- Born: Fawzia Zahiruddin Babar 14 July 1942 Shimla, British Raj, British India
- Died: 23 June 1968 (aged 25) Philadelphia, United States
- Other names: First Lux Lady of Pakistan Lux Lady Fouzia Hai Fouzia Saeed Hai
- Occupation: Model
- Years active: 1956–1968
- Spouse: Khwaja Saeed Hai ​ ​(m. 1960; died 1968)​ (husband)
- Children: 4
- Parent(s): Sahibzada Mirza Zahiruddin Babar (father) Qamar Begum (mother)
- Relatives: Raju Jamil (cousin)

= Fawzia Saeed Hai =

Pakistani model (1942–1968)

Fawzia Saeed Hai (Urdu: فوزیہ سعید حی; July 14 1942 – 23 June 1968) was a prominent Pakistani model in the mid 1950s and 1960s, widely celebrated as the country's first "Lux Lady". Considered the leading female model of her era, her career was noted for defining the image of beauty and grace in early Pakistani media.

== Early life ==
Fawzia Saeed Hai was born on July 14, 1942, in Shimla, British India. She hailed from the educated and sophisticated Loharu family, a former princely state family. Her father was Sahibzada Mirza Zahiruddin Babar and her mother was Qamar Begum.

== Career ==
Fawzia began her modeling career at a young age, becoming the first model to be featured in the popular Lux soap advertisements in Pakistan when she was just 16 years old. Her face quickly became synonymous with the brand, and her image was featured prominently on billboards across the country.

A notable moment in her career occurred during Queen Elizabeth II's royal visit to Pakistan in January 1961. Fawzia was one of the models selected to participate in a special fashion show arranged for Her Majesty, which showcased "fine dresses of the region". The event was a high-profile diplomatic affair.

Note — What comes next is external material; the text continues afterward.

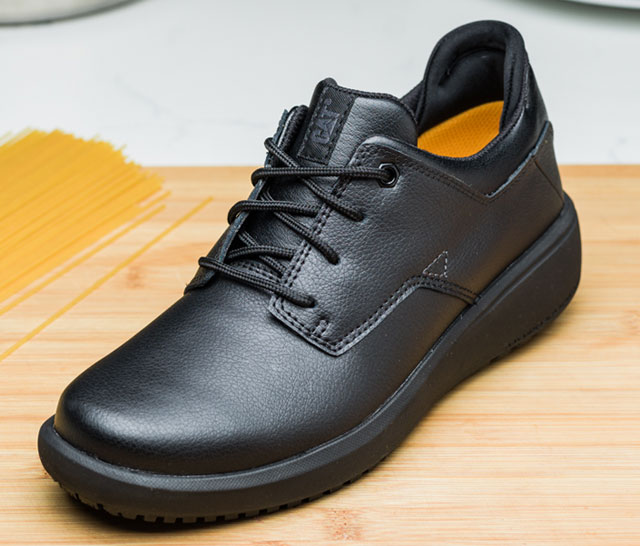 footwear shoes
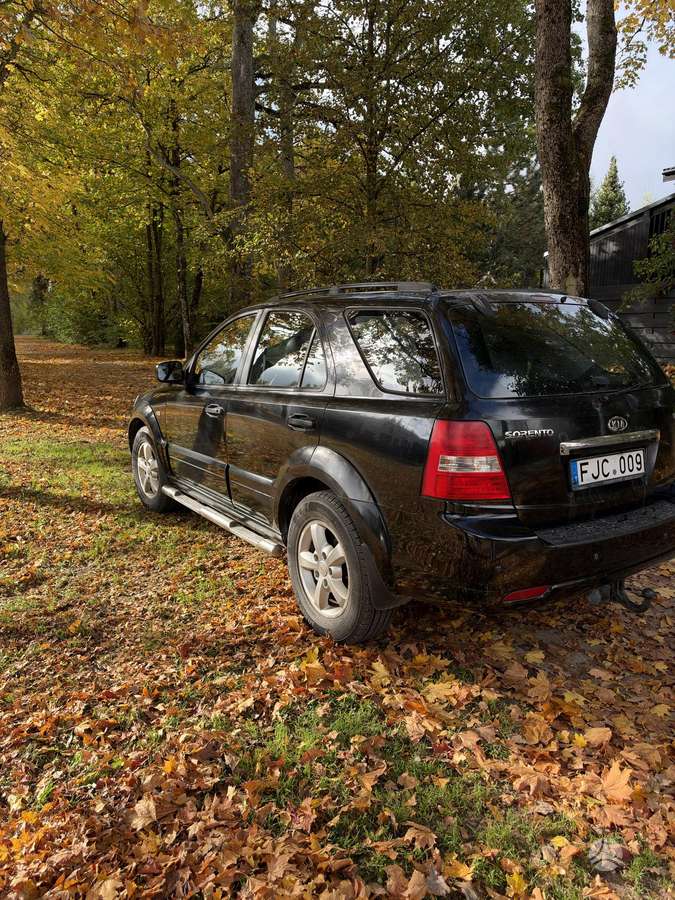 Kia Sorento 2006 — салон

She was highly sought after for numerous press and media modeling campaigns and was the face of several major consumer brands in the 1960s, including Lux, Dalda, Jan-e-Saba Soap, Bano Banaspati, Tullo and Dew.

== Personal life ==
She married Pakistan's ace tennis champion, Khwaja Saeed Hai, in the 1960. They remained married until her death and had four children together: three daughters and one son.

== Illness and death ==
Fawzia Saeed Hai died suddenly on June 23, 1968, in Philadelphia, United States, just three weeks shy of her 26th birthday. She died while swimming at a friend's house in Philadelphia. She suffered an asthma attack while in the pool and drowned. She died due to aneurysm which occurred while she was swimming.

== Tribute ==
Fawzia's close friend poet Taufiq Rafat, a close family friend, wrote a poem titled "Poem for Fawzia" in her memory.

== Public image ==
Hai was known for her serene beauty, grace, and elegant, sophisticated persona, which made her a "darling" of the public and press.